*Exercise brief*:
The copy you print must match the listing exactly, with its pictures removed.

*Material provided*:

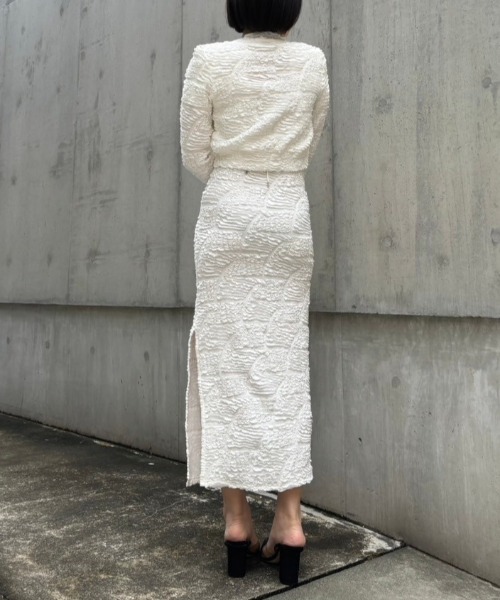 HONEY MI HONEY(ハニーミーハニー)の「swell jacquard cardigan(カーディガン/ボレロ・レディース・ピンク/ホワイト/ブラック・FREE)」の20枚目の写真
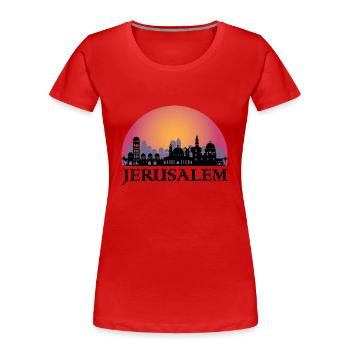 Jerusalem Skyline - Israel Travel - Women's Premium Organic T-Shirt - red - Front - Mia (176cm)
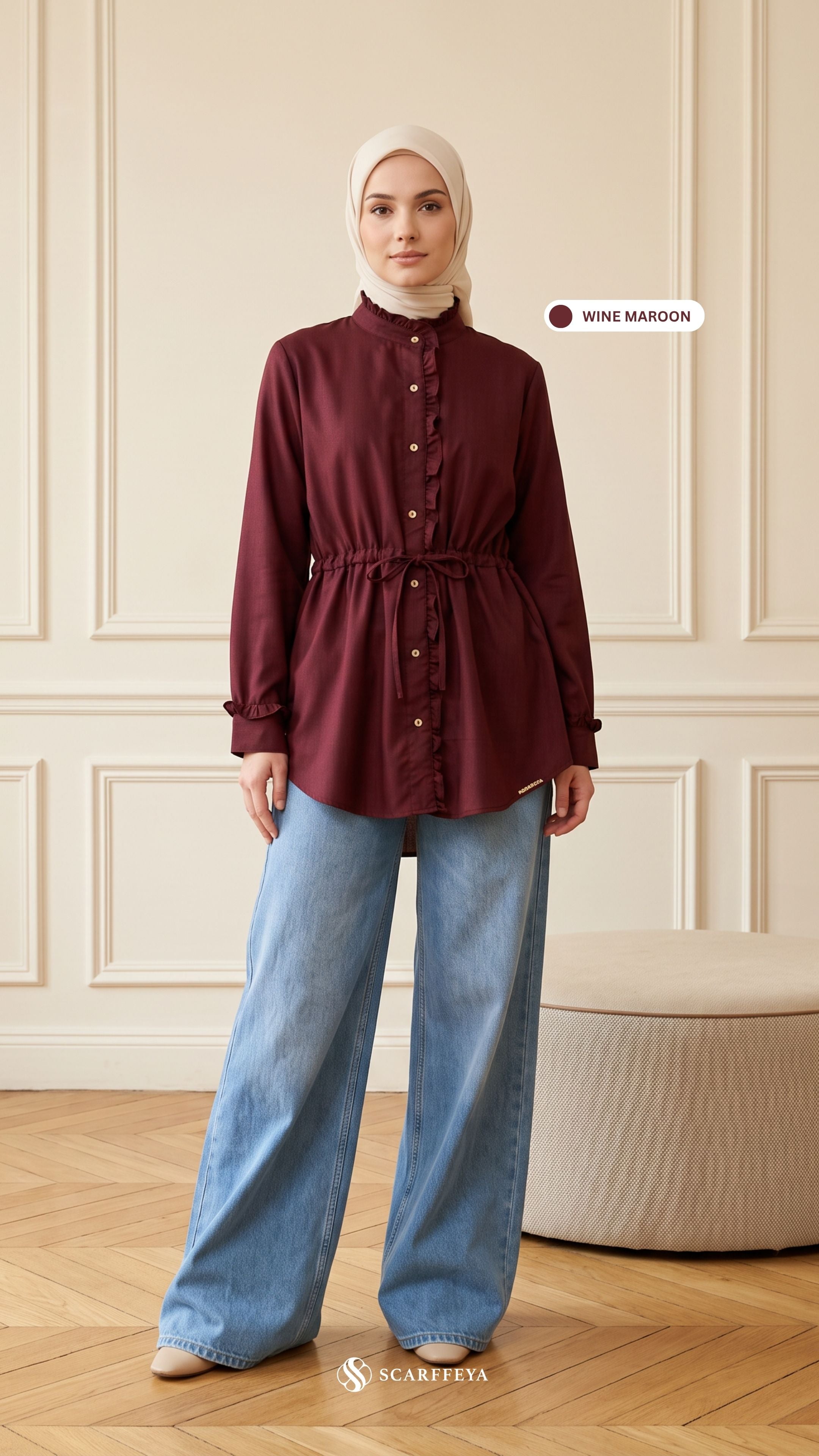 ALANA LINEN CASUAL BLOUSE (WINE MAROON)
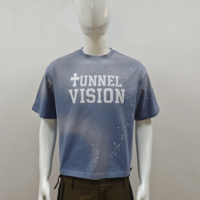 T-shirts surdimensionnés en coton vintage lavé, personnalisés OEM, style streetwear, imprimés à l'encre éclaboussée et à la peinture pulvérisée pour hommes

*Exercise solution*:
 HONEY MI HONEY(ハニーミーハニー)の「swell jacquard cardigan(カーディガン/ボレロ・レディース・ピンク/ホワイト/ブラック・FREE)」の20枚目の写真
 Jerusalem Skyline - Israel Travel - Women's Premium Organic T-Shirt - red - Front - Mia (176cm)
 ALANA LINEN CASUAL BLOUSE (WINE MAROON)
 T-shirts surdimensionnés en coton vintage lavé, personnalisés OEM, style streetwear, imprimés à l'encre éclaboussée et à la peinture pulvérisée pour hommes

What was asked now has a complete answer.